Dr. Tsarfaty was the first to show that Met is a prognostic factor for breast cancer patients and that dominant negative form of the Met receptor could dramatically reduce tumorigenicity and metastasis of mammary cancer cells. Reduction of Met signaling to normal levels could also change the fate of malignant unorganized transformed cell to tubule forming cells. Dr. Tsarfaty studied the metabolic effects induced by Met signaling on breast cancer cells and showed that HGF/SF (hepatocyte growth factor/scatter factor) increase their metabolic activity. Met signaling induced a novel gene, designated Mimp that was cloned and characterize in Dr. Tsarfatyï¿½s lab. This gene reduces the metabolic activity induced by Met and reduces Met induced tumorigenicity and metastasis.

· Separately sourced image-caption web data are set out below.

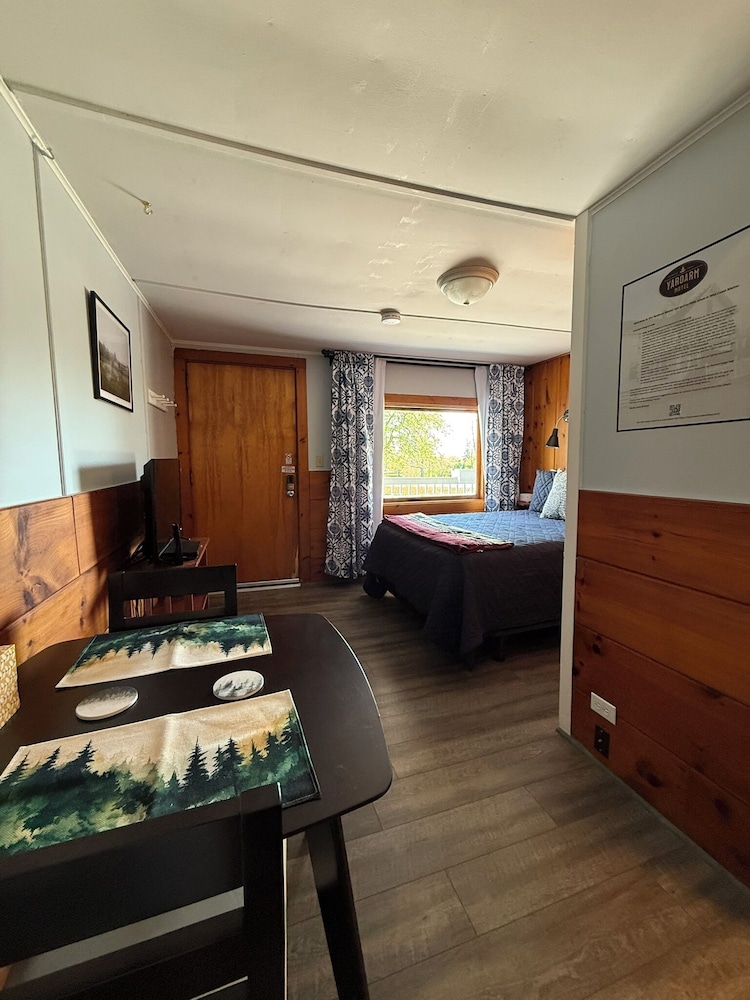 The Yardarm Motel - photo 15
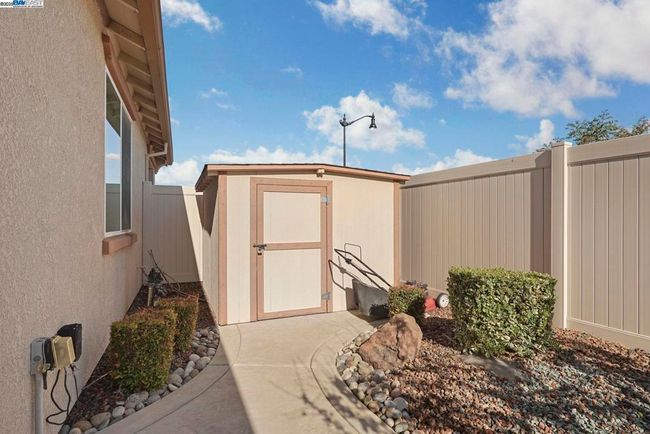 2961 Clear Point Way, House other with 2 bedrooms, 2 bathrooms and 2 parking in Manteca CA | Image 43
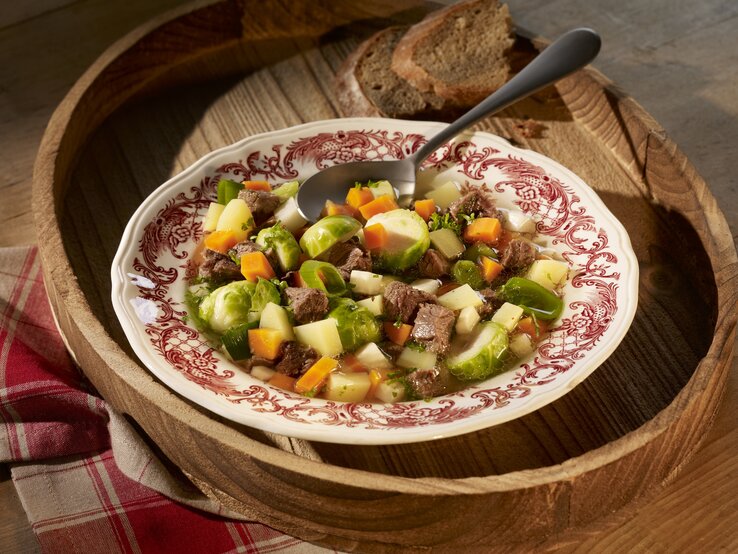 Eine Suppe, die dich stärkt, aber nicht ausbremst! Die leichte Bergsteigersuppe kombiniert würzige Aromen mit bekömmlichen Zutaten – genau das Richtige für aktive Genießer*innen.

In recent years Dr. Tsarfaty is leading an effort to develop a noninvasive breast tumor direct and functional molecular imaging modalities based on specific HGF/SF induced alteration of Hemodynamics. This novel functional molecular imaging modality is a powerful tool in understanding the metabolic activity induced by Met signal transduction. This technology that challenges the tumor and measures its activity enables better definition of tumor margins and may enable in the future earlier detection of smaller tumor and small metastatic lesions. Research conducted in the Laboratory of Dr. Tsarfaty uses a broad range of approaches to elucidate the molecular basis of breast cancer and to develop new agents for the diagnosis imaging and therapy of breast cancer. We are primarily interested in the expression and activities of the receptor tyrosine kinase known as Met, its interactions with the ligand HGF/SF, and the intracellular events influenced by Met activation. Aberrant expression of this receptor-ligand pair confers an invasive/metastatic phenotype in breast cancer model systems.